"A school should be a place where children develop the good habits that will support them for their lifetimes," Assemblywoman Sandy Galef, 90th AD, stated at a press conference today to announce the legislation she co-sponsored with Senator Mary Lou Rath, 61st SD, (A.6563/S.4556). The bill requires the removal of non-nutritious foods and beverages, such as soda and candy, from New York State school vending machines during school hours. This legislation would encourage schools to replace these items with healthier choices like milk, bottled water and fresh fruit.
"We must reverse a problem reaching epidemic proportion – childhood obesity," Assemblywoman Galef stated. She calls this "a fight we cannot lose because it deals with the health and lives of our children."
More than 20 percent of New York State’s children are overweight. Because of this, physicians are seeing weight-related illnesses in children that used to occur almost solely in adults. These include Type II diabetes, heart disease and high blood pressure.
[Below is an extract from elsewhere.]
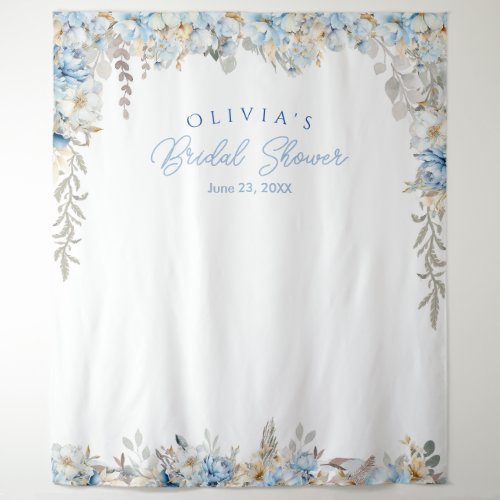Dusty Blue Bridal Shower Photo Booth Backdrop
According to the Centers for Disease Control and Prevention (CDC), one in three American children born in 2000 will develop diabetes by high school graduation if current trends are allowed to continue.
The financial burden of this epidemic is staggering. In a January 4, 2004 release the CDC revealed that obesity-related illness cost U.S. taxpayers $75 billion in medical expenses in the year 2003. Assemblywoman Galef notes that "schools are looking for revenue from the vending machines ... but later on we’ll be spending that money, and more, on long-term healthcare."
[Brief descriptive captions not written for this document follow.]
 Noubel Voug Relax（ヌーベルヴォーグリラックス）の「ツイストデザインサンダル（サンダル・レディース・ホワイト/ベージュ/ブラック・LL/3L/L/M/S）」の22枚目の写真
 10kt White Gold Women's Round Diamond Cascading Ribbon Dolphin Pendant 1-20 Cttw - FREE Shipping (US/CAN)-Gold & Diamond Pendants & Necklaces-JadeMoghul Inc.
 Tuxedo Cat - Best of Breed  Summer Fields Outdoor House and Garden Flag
"Childhood obesity has become a serious health problem," stated Assemblyman Steven Sanders, Chair of the Assembly Education Committee. "Obviously, schools should be leading the way to a solution. School vending machines should offer healthy and nutritious snacks to children during school hours. If they sell candy, soda, or other non-nutritious items, those items should only be available during after-school functions."
Assemblyman Felix Ortiz, Chair of the Assembly Task Force on Food, Farm and Nutrition, added, "I have been working with Assemblywoman Galef for the last two years to prevent and reduce childhood obesity. This problem is costly to our children’s health as well as the schools, businesses, workers and governments that will have to pay much higher health insurance bills in the years to come if we do nothing. We cannot improve our economy or society without healthy, educated and productive Americans. We cannot have productive, successful Americans unless they grow up with proper nutrition."
But vending machines can become a win-win propositions for schools – both profitable and healthy. Joanne Ricapito, Food Services Director of Westchester County’s Lakeland Central School District, pointed out that Lakeland increased its profits from vending after switching from the standard soda and candy machines to those that sell nutritious products. Ms. Ricapito emphasized that "It is not our responsibility but our obligation to provide our children with foods that will help them perform better. Healthy foods such as garden salads with grilled chicken,
fresh fruit salads, yogurt parfaits, sandwiches, wraps, milk, fruit & vegetable juices are just some of the items that we sell through vending machines in our schools. I am here to tell you that it can be done, it is being done, and it works."
In a memorandum of support for the legislation, The American Academy of Pediatrics, District II, New York, stated that "Obesity has become an epidemic with significant consequences to the physical, psychological and financial health of the nation. Type II diabetes, heart disease, stroke, hypertension and fatty liver are some of the conditions exacerbated by obesity. Overweight individuals often suffer from low self-esteem. A great start would be to eliminate junk food and soda from our schools." Dr. David Clark, American Academy of Pediatrics, District II, Youth Advocacy Committee Chairman, spoke at the conference.
Paul Hartman, Director of Advocacy for the American Heart Association, asserted that "Over 25% of children ages 5 to 10 years have high cholesterol, high blood pressure or other early warning signs for heart disease. We must strive to positively impact the choices our children make in regards to their health. This legislation serves as another stepping stone towards a healthier school-aged population.
American Cancer Society Director of Advocacy Michael Bopp delivered the Society’s statement at the conference. According to American Cancer Society Eastern Division CEO Donald Distasio, "American Cancer Society research shows a direct correlation between obesity and cancer. By banning junk food and soda on public school grounds and replacing them with healthy choices, we can put our children on the path to good health."
New York State United Teachers (NYSUT) Executive Vice President Alan B. Lubin stated, "It shouldn’t surprise anyone that healthy children learn better. Assemblywoman Galef should be commended for working toward instilling better nutrition and smarter eating habits in our children. Limiting the availability of junk food in school vending machines is a smart step toward helping children to do better in the classroom and live longer, healthier lives."